Under the new regulations, if you’ve paid taxes over the last few years and are now operating at a net loss, you can apply last year’s losses back five years. You may also want to consider using cost segregation to increase net operating loss and gain the tax benefit.
This, in turn, may free up some capital to take advantage of what every real estate investor sees as the second coming of the Resolution Trust Corp. of the late 1980s and early 1990s.
Traditional, straight-line 39-year depreciation has generally been the norm for self-storage owners. But over the last few years, many owners have considered cost segregation and accounting modification to free up the capital necessary to take advantage of the real estate investment climate.

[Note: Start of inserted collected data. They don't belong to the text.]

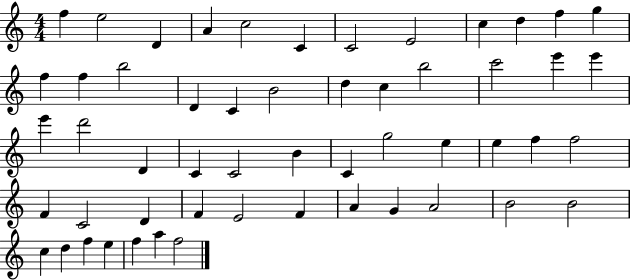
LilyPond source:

{
  \clef treble
  \numericTimeSignature
  \time 4/4
  \key c \major
  f''4 e''2 d'4 | a'4 c''2 c'4 | c'2 e'2 | c''4 d''4 f''4 g''4 | \break f''4 f''4 b''2 | d'4 c'4 b'2 | d''4 c''4 b''2 | c'''2 e'''4 e'''4 | \break e'''4 d'''2 d'4 | c'4 c'2 b'4 | c'4 g''2 e''4 | e''4 f''4 f''2 | \break f'4 c'2 d'4 | f'4 e'2 f'4 | a'4 g'4 a'2 | b'2 b'2 | \break c''4 d''4 f''4 e''4 | f''4 a''4 f''2 | \bar "|."
}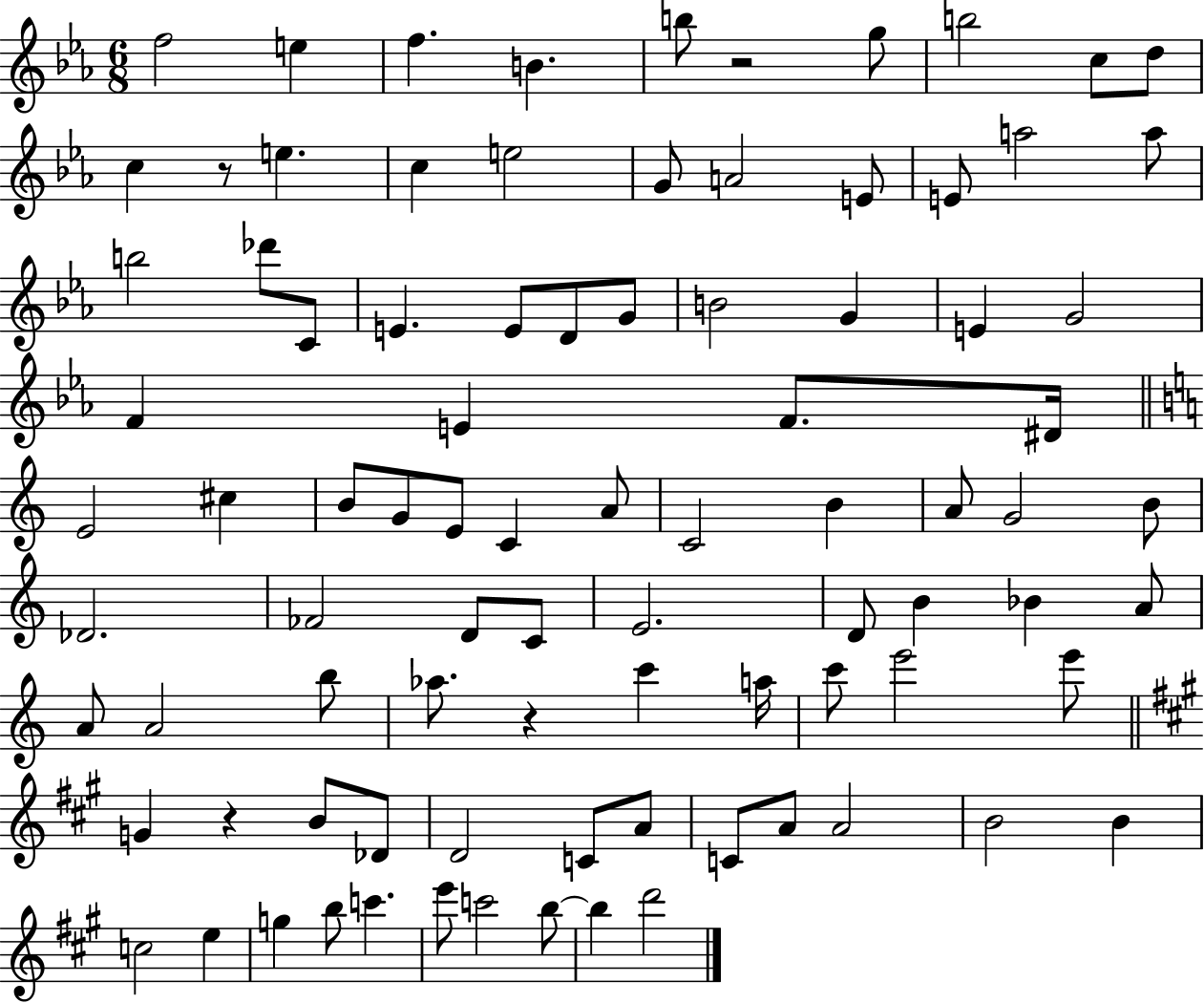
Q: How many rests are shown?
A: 4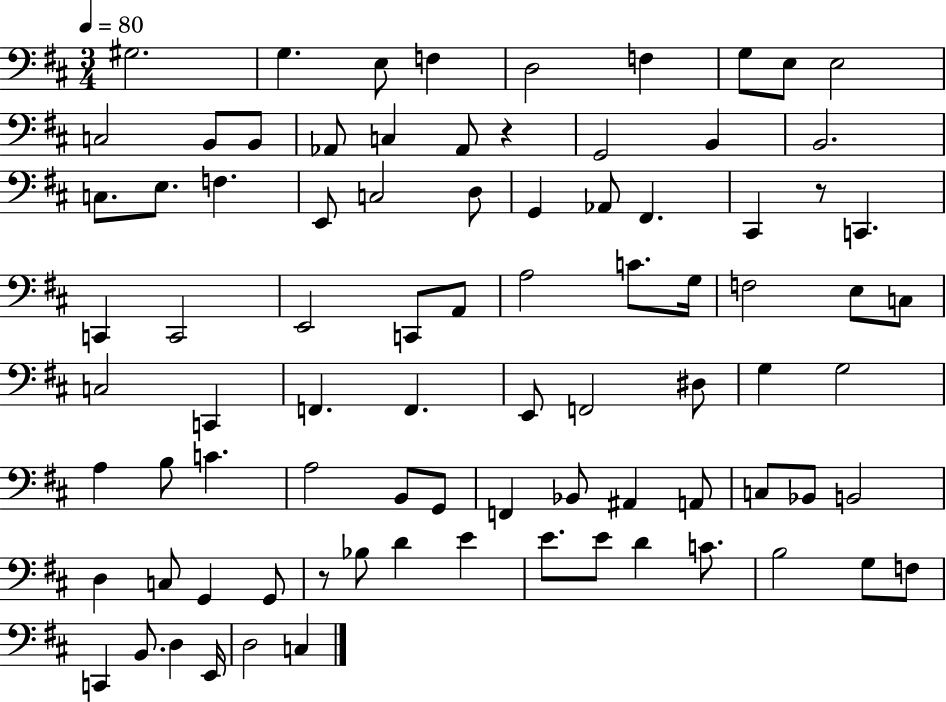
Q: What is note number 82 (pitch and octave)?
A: C3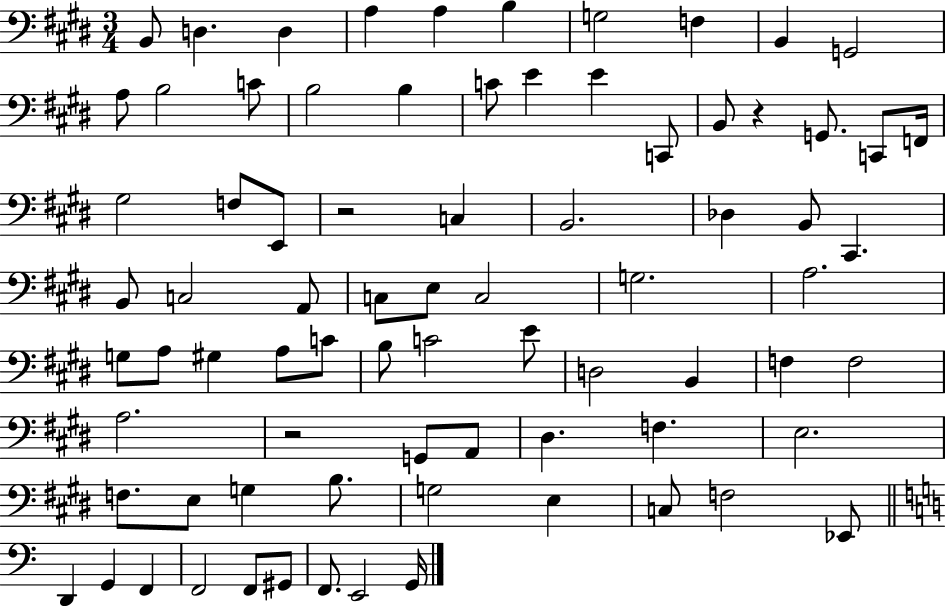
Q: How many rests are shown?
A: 3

The following questions will help you determine if your property is a good candidate to benefit from a cost-segregation analysis. If your answer is “yes” to these, you may be able to apply cost segregation to your facility.
- Is your facility worth more than $1 million, excluding the land?
- Do you plan on holding on to the facility for the next few years?
- Have you purchased or built your facility in the last 15 years?
- Do you have taxable income?
What Is Cost Segregation?
Cost segregation is an analysis performed by an engineer to determine if various facets of your buildings can be reclassified into five-, seven- or 15-year depreciation schedules. The goal is to increase the depreciation amount in the initial years of your investment and decrease your tax bill. But remember: Only the improvements can be depreciated, not the land.
Components such as asphalt paving, sidewalks, curbing, fencing, security lighting and underground utilities have specifically been identified by the IRS as improvements with a 15-year depreciation schedule. Other components such as security gates, certain types of flooring and alarm systems can be reclassified into a five- to seven-year deprecation period.
This increase in depreciation essentially defers your taxes due and, therefore, has the same effect as borrowing money from the U.S. government with no interest. Furthermore, if your accountant has been depreciating your facility using straight-line 39-year depreciation, you can file IRS Form 3115, “Change of Accounting,” and catch up this year on all the accelerated depreciation since you purchased or built your facility.